# Raspberry Chiffon Pie (Mrs Bear's recipe with pics)



## Bearcarver

First of all, let me say that this Bearcarver is not a dessert kind of a guy, he is a "Meat & Potatoes" PA Dutchman.
However whenever there is a special occasion, Mrs Bear asks me what I want for dessert, and I always request this one. It is unbelievable! So I talked Mrs Bear into making one of these with the "Wine Berries" I picked the other day. She normally uses frozen Raspberries, but we figured we'd try the fresh Wine Berries this time.

Here we go----Pay attention:

*Ingredients you will need:*
9" Baked Pie Crust
3 oz package of Raspberry Jello
1/4 cup of Sugar
1 1/4 cup of boiling water
12 oz package of frozen Raspberries (I snuck 14 ounces in)
1 TBS Lemon Juice
3 oz package of Cream Cheese (softened)
1/3 cup of Confectioners Sugar
1 tsp of Vanilla
1/8 tsp of Salt
1 cup of Heavy Cream

Pick out some of the nicest looking Raspberries, if you want to put some on top at the end.

Stir Jello, Sugar, and Water until dissolved. Add Frozen Raspberries and Lemon Juice.

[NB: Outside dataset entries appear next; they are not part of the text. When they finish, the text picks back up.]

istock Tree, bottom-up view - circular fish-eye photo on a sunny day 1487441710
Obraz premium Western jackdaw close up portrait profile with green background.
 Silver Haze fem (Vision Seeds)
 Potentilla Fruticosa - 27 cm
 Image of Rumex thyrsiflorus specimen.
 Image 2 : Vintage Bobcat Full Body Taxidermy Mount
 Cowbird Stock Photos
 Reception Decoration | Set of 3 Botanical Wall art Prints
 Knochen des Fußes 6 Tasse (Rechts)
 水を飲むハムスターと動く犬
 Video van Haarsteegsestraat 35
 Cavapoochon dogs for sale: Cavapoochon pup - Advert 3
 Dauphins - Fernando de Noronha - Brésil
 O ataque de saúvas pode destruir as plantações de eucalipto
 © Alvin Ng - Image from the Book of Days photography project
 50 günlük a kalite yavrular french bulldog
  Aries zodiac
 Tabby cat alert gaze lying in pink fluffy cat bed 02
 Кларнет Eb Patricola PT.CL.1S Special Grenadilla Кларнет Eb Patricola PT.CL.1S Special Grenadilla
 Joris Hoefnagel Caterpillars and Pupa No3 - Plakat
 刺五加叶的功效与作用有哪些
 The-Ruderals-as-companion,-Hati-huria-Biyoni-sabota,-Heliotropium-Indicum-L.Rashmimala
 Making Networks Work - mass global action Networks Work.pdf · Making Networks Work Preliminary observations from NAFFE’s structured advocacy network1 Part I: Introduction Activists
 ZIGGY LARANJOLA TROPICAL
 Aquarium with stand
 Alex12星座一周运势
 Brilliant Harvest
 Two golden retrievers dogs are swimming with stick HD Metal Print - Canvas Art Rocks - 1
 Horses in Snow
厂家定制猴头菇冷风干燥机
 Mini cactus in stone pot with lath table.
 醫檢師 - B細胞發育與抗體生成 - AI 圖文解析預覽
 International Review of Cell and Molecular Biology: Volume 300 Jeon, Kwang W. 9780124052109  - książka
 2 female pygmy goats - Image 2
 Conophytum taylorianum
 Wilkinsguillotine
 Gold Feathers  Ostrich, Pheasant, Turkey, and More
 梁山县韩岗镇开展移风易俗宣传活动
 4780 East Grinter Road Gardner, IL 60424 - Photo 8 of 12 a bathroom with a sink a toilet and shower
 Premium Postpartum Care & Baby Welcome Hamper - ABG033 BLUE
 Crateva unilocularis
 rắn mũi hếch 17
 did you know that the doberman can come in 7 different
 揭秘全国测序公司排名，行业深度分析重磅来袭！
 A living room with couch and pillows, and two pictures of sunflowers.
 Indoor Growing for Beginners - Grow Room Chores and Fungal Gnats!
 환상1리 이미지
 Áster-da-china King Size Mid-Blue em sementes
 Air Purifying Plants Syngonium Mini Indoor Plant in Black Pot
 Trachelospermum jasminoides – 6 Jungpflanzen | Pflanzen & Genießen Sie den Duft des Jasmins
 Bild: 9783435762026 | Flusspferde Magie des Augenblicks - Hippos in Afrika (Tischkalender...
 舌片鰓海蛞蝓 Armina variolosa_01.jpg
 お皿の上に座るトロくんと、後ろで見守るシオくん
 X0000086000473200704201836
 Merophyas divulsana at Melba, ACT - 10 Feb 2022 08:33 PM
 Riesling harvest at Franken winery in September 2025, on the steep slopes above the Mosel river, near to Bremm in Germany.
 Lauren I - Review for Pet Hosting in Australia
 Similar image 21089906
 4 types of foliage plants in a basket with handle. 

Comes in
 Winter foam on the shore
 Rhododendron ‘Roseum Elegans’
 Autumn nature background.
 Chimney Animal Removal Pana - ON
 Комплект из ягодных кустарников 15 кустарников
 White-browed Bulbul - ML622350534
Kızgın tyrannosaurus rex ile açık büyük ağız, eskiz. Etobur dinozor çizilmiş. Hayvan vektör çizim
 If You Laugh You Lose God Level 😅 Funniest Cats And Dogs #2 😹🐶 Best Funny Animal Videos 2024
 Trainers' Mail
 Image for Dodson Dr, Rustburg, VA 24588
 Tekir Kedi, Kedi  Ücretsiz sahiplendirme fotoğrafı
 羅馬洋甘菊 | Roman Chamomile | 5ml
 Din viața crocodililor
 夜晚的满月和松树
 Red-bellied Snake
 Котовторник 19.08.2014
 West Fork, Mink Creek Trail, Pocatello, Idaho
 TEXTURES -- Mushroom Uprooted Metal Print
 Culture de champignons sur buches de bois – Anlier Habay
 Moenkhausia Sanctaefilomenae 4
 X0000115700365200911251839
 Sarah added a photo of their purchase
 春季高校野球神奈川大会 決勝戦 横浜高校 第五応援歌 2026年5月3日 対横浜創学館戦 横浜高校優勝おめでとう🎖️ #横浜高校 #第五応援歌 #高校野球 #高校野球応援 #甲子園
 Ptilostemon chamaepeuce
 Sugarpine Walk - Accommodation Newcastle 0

Let sit to gel. Put it in fridge while you do next steps.

Beat Cream Cheese, Confectioners Sugar, Vanilla, and Salt until smooth.

Beat Heavy Cream until peaks form (best to use cold bowl & cold cream).
Fold into Cream Cheese mixture.

Layer into Pie Crust;
First Cream Cheese Mixture
Then Raspberry Mixture
Then Cream Cheese Mixture
Then Raspberry Mixture

Add Rosettes of Cool Whip on top if desired.
Then plop a nice Raspberry in the middle of each Rosette.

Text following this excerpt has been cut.